Heinz, the company that brought you green and purple ketchup, has developed blue french fries. The Kool Blue fries are among five varieties of Heinz's Ore-Ida Funky Fries that will be on store shelves in May. Other varieties will include cinnamon and sugar; cocoa; sour cream; and crunchy rings. Heinz would not give the suggested retail price of the fries, but said they will be priced competitively.
Saying no to salt
Using spices and herb seasonings instead of salt may help you reduce high blood pressure, according to the American Heart Association.
Here are some spice and herb alternatives to flavor foods rather than using salt:
Allspice: For lean ground meats, stews, tomatoes, peaches, applesauce, cranberry sauce, gravies.
Bay leaves: For lean meats, stews, poultry, soups, tomatoes.
Cider vinegar: For salads, vegetables, sauces.
Dill: For fish sauces, soups, tomatoes, cabbages, carrots, cauliflower, green beans, cucumbers, potatoes, salads, macaroni, lean beef, lamb, chicken, fish.
Nutty peanut facts
They not only have crunch, but historical echoes in their background, and some quirky details, too.
The peanut profile includes:
The peanut is not a nut.
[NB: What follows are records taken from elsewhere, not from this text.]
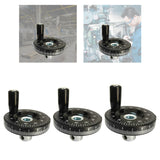 Maxbell Bakelite Handwheel Round Replacements for Industrial Machine Tools Grinders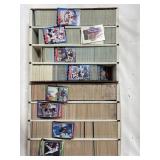 2 FULL BOXES OF ASSORTED BASEBALL CARDS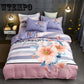 Bedding set Skin cotton duvet cover set Twin Full Queen Size Quilt cover Bed Sheet Pillowcase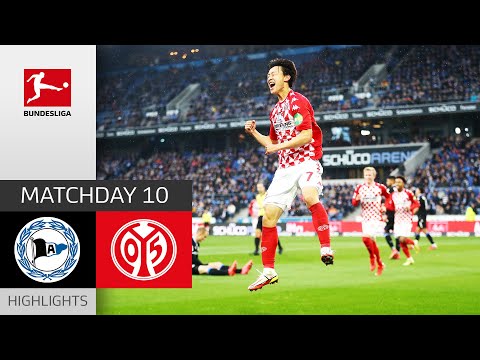 Arminia Bielefeld Mainz Goals And Highlights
It's a legume related to beans and lentils.
The peanut plant originated in South America.
As early as 1500 B.C., the Incas of Peru used peanuts as sacrificial offerings and put them in tombs with mummies to sustain the deceased in their spiritual life after death.
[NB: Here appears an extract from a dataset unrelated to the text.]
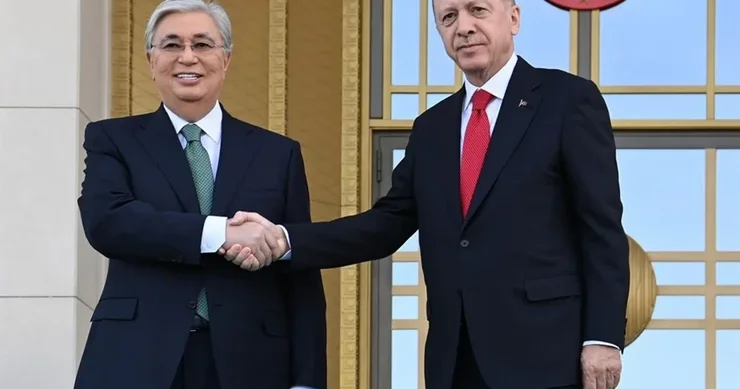 Ərdoğanla Tokayev arasında telefon danışığı baş tutub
Peanuts are cholesterol free.
There are four types of peanuts grown in the United States: Runner, Virginia, Spanish and Valencia.
Americans eat more than 600 million pounds of peanuts and 700 million pounds of peanut butter each year.
Cookbooks on baking are the rule rather than the exception this year. Here's just a taste:
The Baker's Dozen (William Morrow, $40), a group effort that includes recipes from bakers Marion Cunningham and Carol Field.
Bread of Three Rivers: The Story of a French Loaf (Beacon Press, $24) by Sara Mansfield Taber, which sets out to answer the big question: What is it that makes French bread so wonderful?
Country Breads of the World (Lyons Press, $35), by Linda Collister and Anthony Blake, featuring 88 of the best bread recipes from around the world.
Baking for Dummies (Hungry Minds, $19.99) by Emily Nolan, one of a practical series of comprehensive cookbooks.
A plastic colander is a venerable kitchen have-to-have. But at the 2002 International Housewares Show in Chicago, Circulon introduced an impressive 5-quart stockpot that has a perforated lid for straining foods. Made of durable, anodized aluminum, the stockpot has an easy-to-clean, nonstick interior.
Pasta people will particularly be pleased with the stainless-steel, dome-shaped lid. When it comes time to drain the linguine, the cook just locks the lid into position and pours the boiling water down the drain. Reserve your handy, plastic colander for rinsing the arugula. Circulon's Straining Colander Stockpot is $49.99 at all Hecht's stores.
You don't need to eat seafood to appreciate the culinary bounty of the oceans.
Sea vegetables (vegetarian-speak for seaweed) are packed with nutrients and high in calcium and other minerals.
Dried seaweeds (the most common way to buy them as ingredients for home cooking) are readily available at most natural-food stores and just about any Asian market.
One popular variety is wakame, which makes a great green to add to vegetable and miso soups.
Another popular method of preparation is to stir-fry, for which the hiziki (also spelled hijiki) and arame varieties excel. These are thin, noodlelike seaweeds with a salty taste and toothy texture.